50+ Segmentation Faults Per Hour: Continuing To Stress Ryzen

  • Faults
  • 05/08/2017
50+ Segmentation Faults Per Hour: Continuing To Stress Ryzen
In direct continuation of yesterday's article about easily causing segmentation faults on AMD Zen CPUs, I have carried out another battery of tests for 24 hours and have more information to report today on the ability to trivially cause segmentation faults and in some cases system lock-ups with Ryzen CPUs.

If you didn't read yesterday's article be sure to do so for more background information and my initial steps on causing segmentation faults for Ryzen as well as testing some theories about the faults, but so far haven't been able to find a workaround to completely avoid this problem... This article is mostly about other attempts made at trying to nail down the issue, but to no avail, as well as showing other areas where these segmentation faults can be reproduced on Ryzen.

For this article all of my testing was done using Phoronix Test Suite's stress-run functionality. As explained in yesterday's article, the stress-run command within the Phoronix Test Suite has been used by enterprise customers for stress testing / burn-ins of hardware and checking for stability. Rather than benchmarking for performance, stress-run allows executing multiple test profiles in parallel for fully loading the system with whatever workloads you would like. Using PTS_CONCURRENT_TEST_RUNS=4 TOTAL_LOOP_TIME=60 phoronix-test-suite stress-run build-linux-kernel build-php build-apache build-imagemagick will have the Phoronix Test Suite continually running four different benchmarks simultaneously for a period of 60 minutes. As soon as one test finishes, another is fired up. The stress-run algorithm randomly picks the tests of your set to run, but does look at the test profile to ensure if the tests stress multiple subsystems, it tries to ensure stress on all subsystems are always being stressed. The Phoronix Test Suite's stress-run functionality isn't advertised as much as its other features, but is very useful for loading up a system with plenty of real-world workloads concurrently. This has been my main means of reproducing the Ryzen bug.

Many of my tests were done from the Ryzen 7 1800X box with MSI X370 XPOWER TITANIUM GAMING motherboard with Linux 4.13 and Corsair DDR4-3200 memory. But I also went ahead and with my other main Ryzen testing box, the Ryzen 7 1700 (stock speeds, always) with MSI B350 TOMAHAWK motherboard, 2 x 8GB Corsair DDR4-3000MHz memory, 120GB Samsung 840 SATA 3.0 SSD, and Radeon HD 7750 also ran the Phoronix Test Suite stress-run command...

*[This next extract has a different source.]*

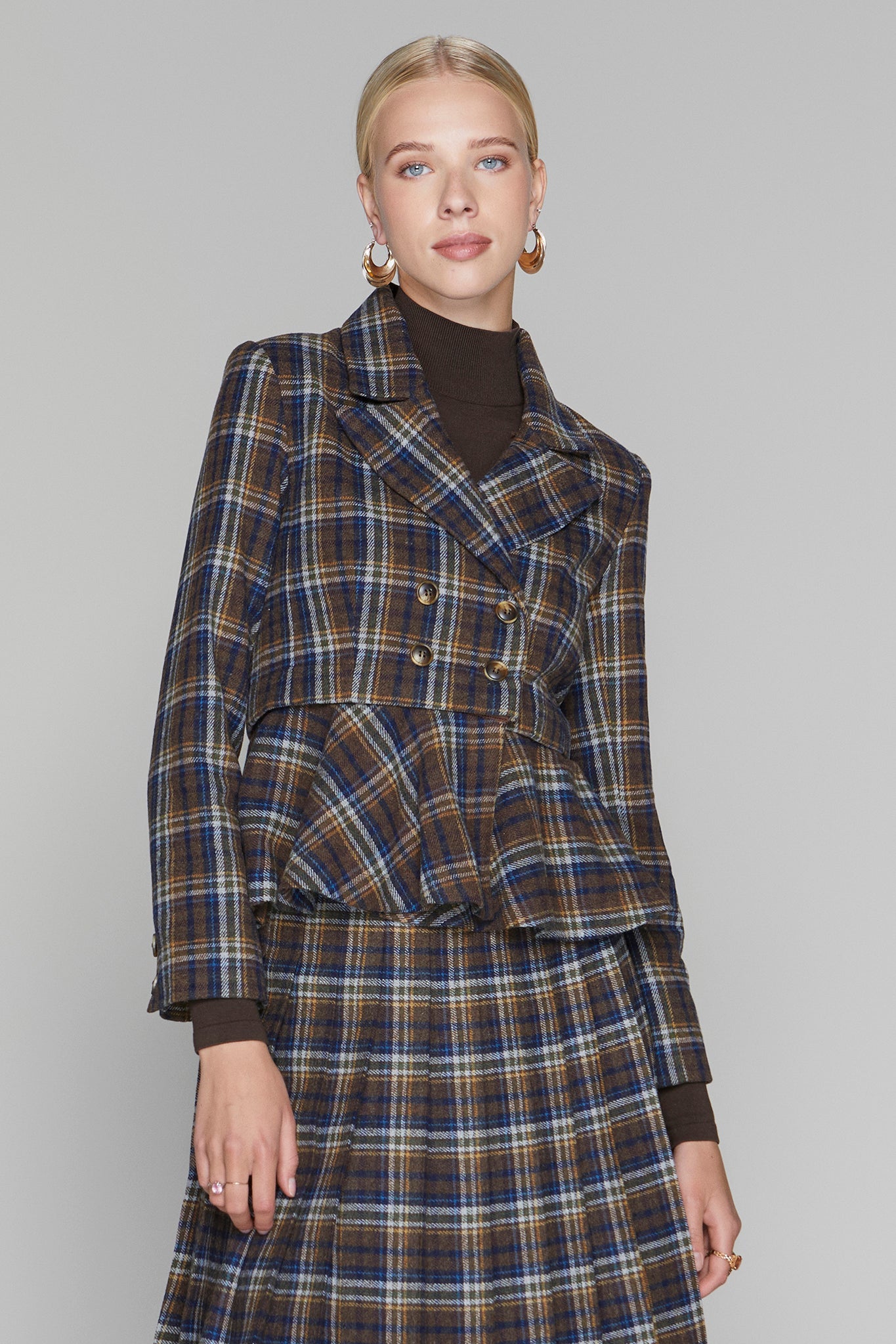 Woman wearing a plaid suit with a plain background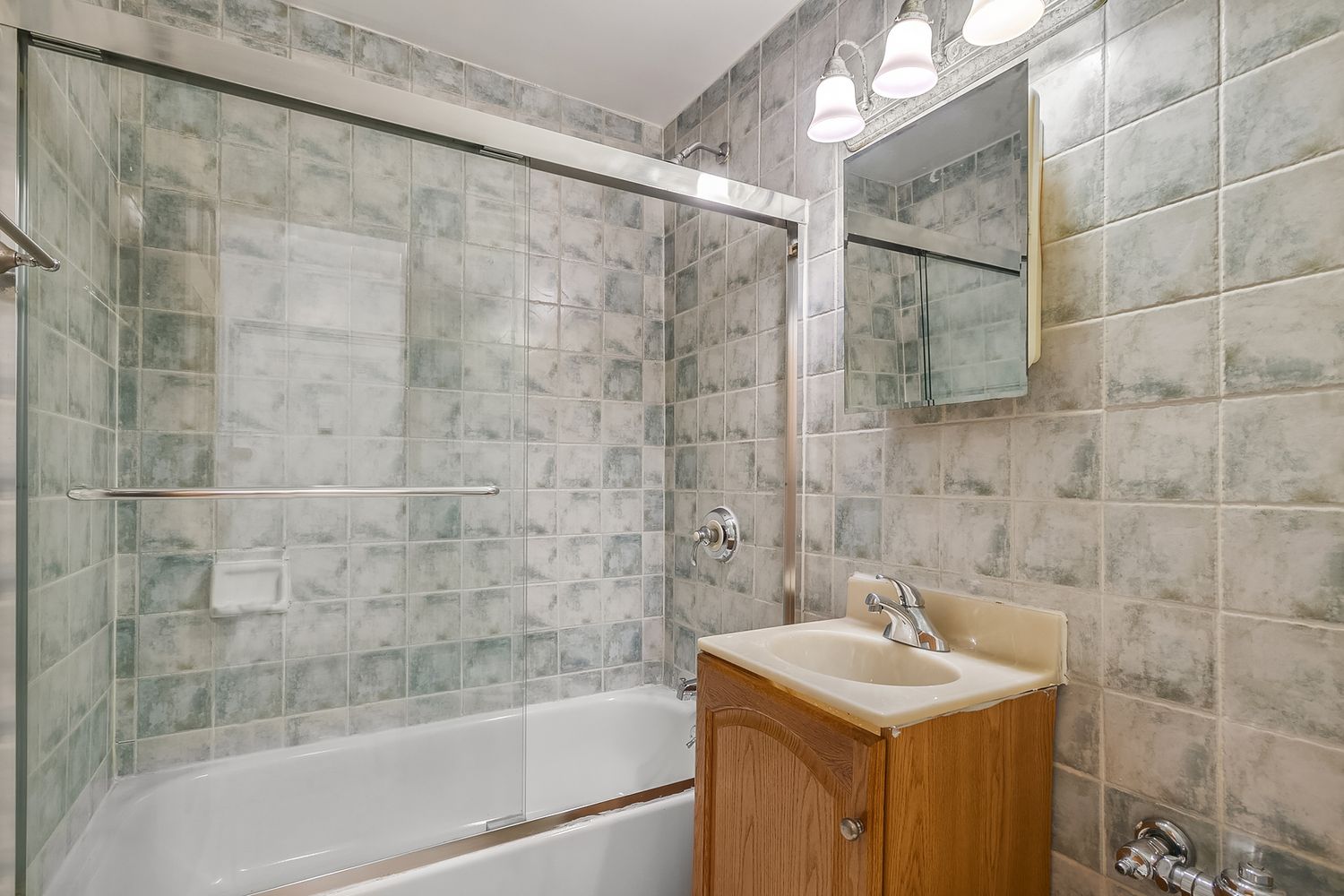 304 West 10th Street, Unit 4B Manhattan, NY 10014 - Photo 8 of 10 a bathroom with a sink shower and a bathtub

With this completely different box:

Sure enough with this completely different system, with all different hardware components, segmentation faults were happening. With all the tests for this article I was running the stress-run process for one hour. In that time of stressing the Ryzen 7 1700 with parallel compilation workloads, there were 53 segmentation faults recorded and the first one about two minutes after the system booted.